Commercial 'green' solar cells may be possible: researchers
Developing solar energy that is low-cost, lightweight, and energy efficient has proven to be one of the greatest challenges the science world faces today. Although current plastic solar cells are low in cost and easy to produce, they are not energy efficient and, therefore, not easily commercialized. With grant funding from the National Science Foundation, researchers at the University of Pittsburgh are predicting a way to produce solar cells that will offer more flexibility in generating green energy.
Guangyoung Li, assistant professor of electrical and computer engineering at Pitt, explains that most plastic solar cells today are made from a blend of semiconducting polymers and other carbon-rich molecules. Although this material is usable and costs little, it does not assist with energy efficiency -- though it could.

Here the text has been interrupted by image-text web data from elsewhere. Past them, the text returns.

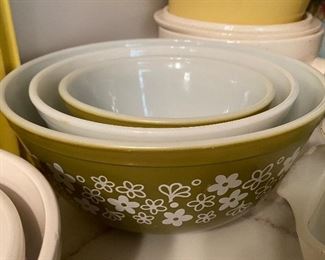 Pyrex Bowls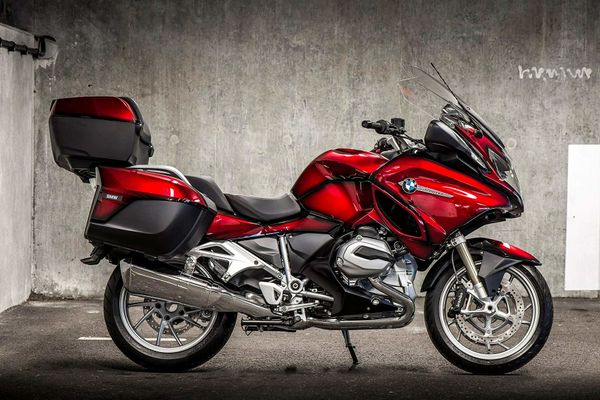BMW R1200RT LC Iconic Limited Edition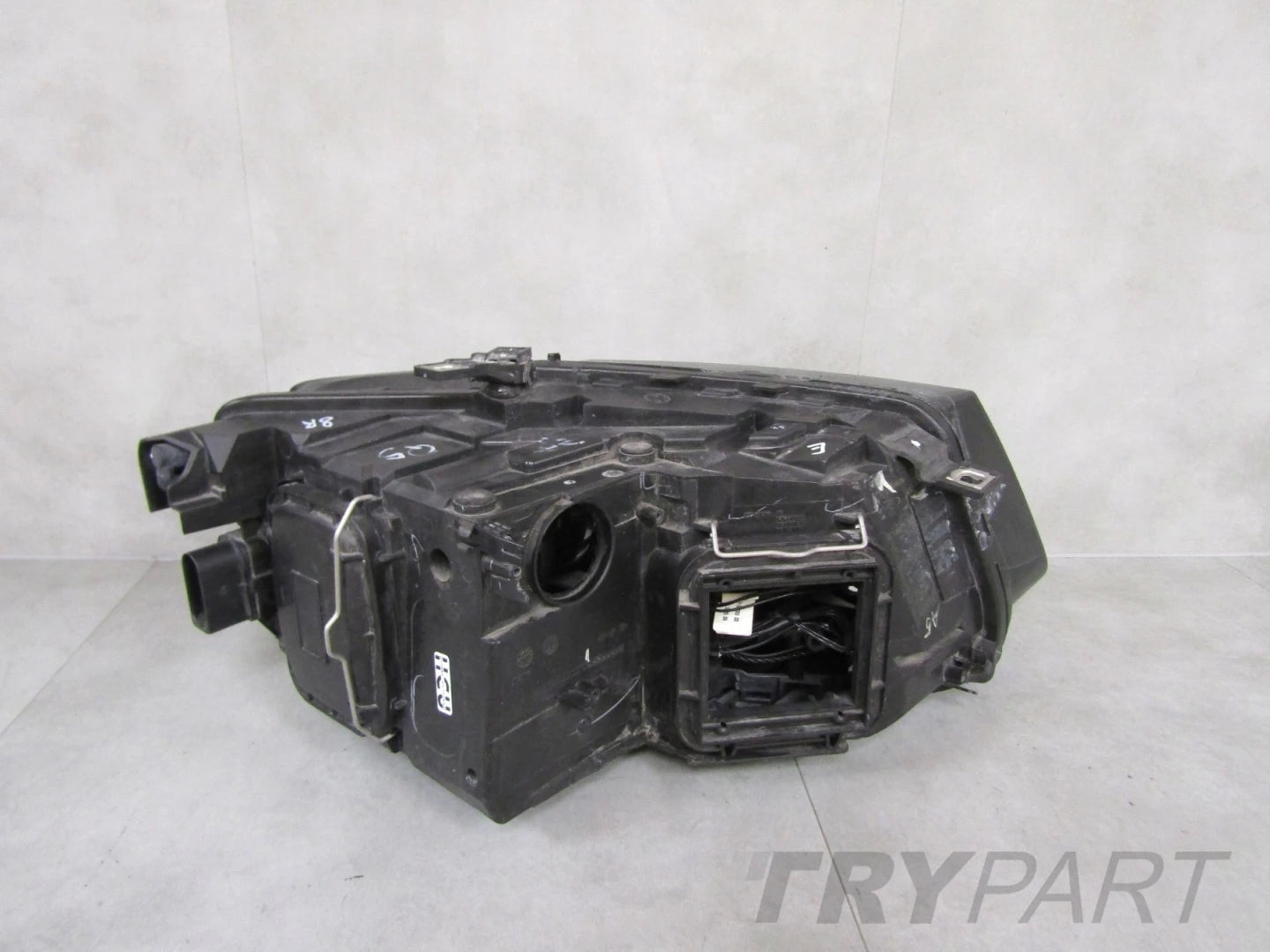 AUDI Q5 8R0 08-12 HEADLIGHT XENON ACTIVE LH LEFT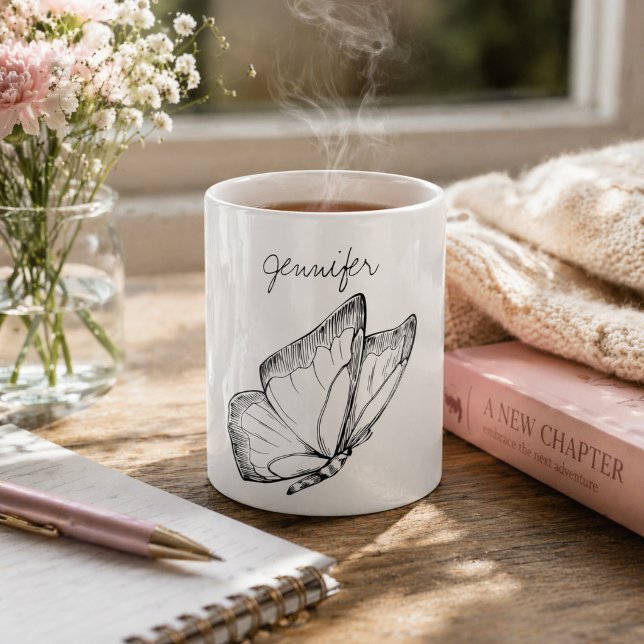 Modern Gezeichnet Butterfly in Flight Monogram Kaffeetasse (Von Creator hochgeladen)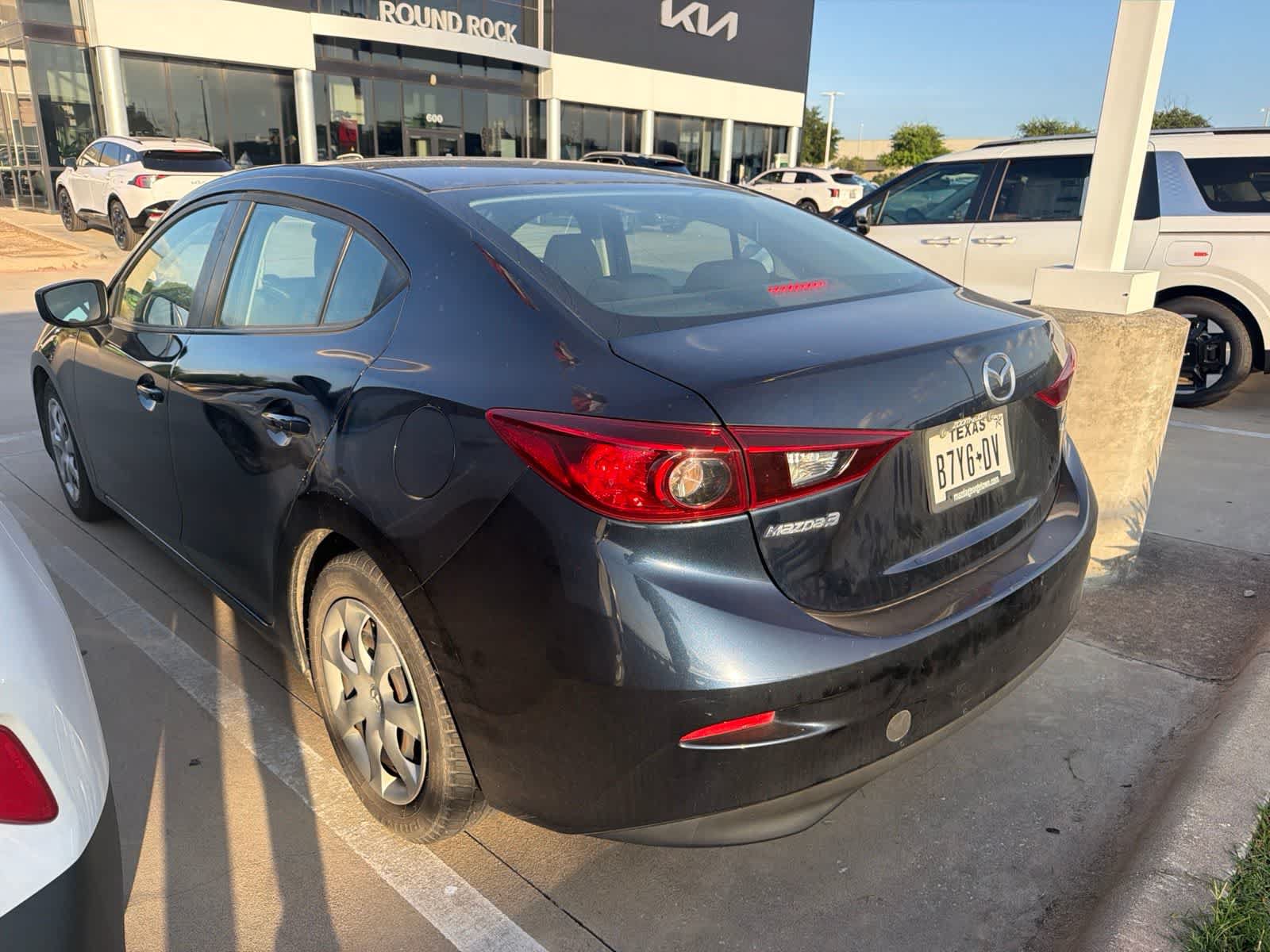 Used 2017 MAZDA MAZDA3 Sport FWD image 4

Li's solution is to use a method called Kelvin Probe Force Microscopy (KPFM) that studies the surface potential of cells through microscopy. Although KPFM is not a new idea, Li plans on using it in a dramatically different way.
"The problem with traditional force microscopy is that the resolution is not good enough, so we can't properly study the domains we need to examine," says Li. "Throughout my research, I will work to develop an instrument that will be better able to detect the domains formed from different materials."
This instrument could help Li and others explain the conditions that plastic solar cells should have for better energy efficiency. Currently, plastic solar cells have achieved an energy efficiency rate of 8.6 percent. Li says if he can produce solar cells with a 10 percent or higher efficiency rate, they would have a broad impact on the energy market.
"In the future, I can imagine this new, efficient material anywhere -- on buildings, roofs, you name it," said Li. "You could charge your laptop, cellphone, or iPod simply by having a charger on you and stepping into sunlight."
Li notes this research will not only help reduce energy consumption, but also will help train young scientists, including the undergraduate and graduate students from underrepresented areas involved in the project. He also notes it is an "ideal platform" to teach the greater community, specifically K-12 students, teachers, industry leaders, and the general public.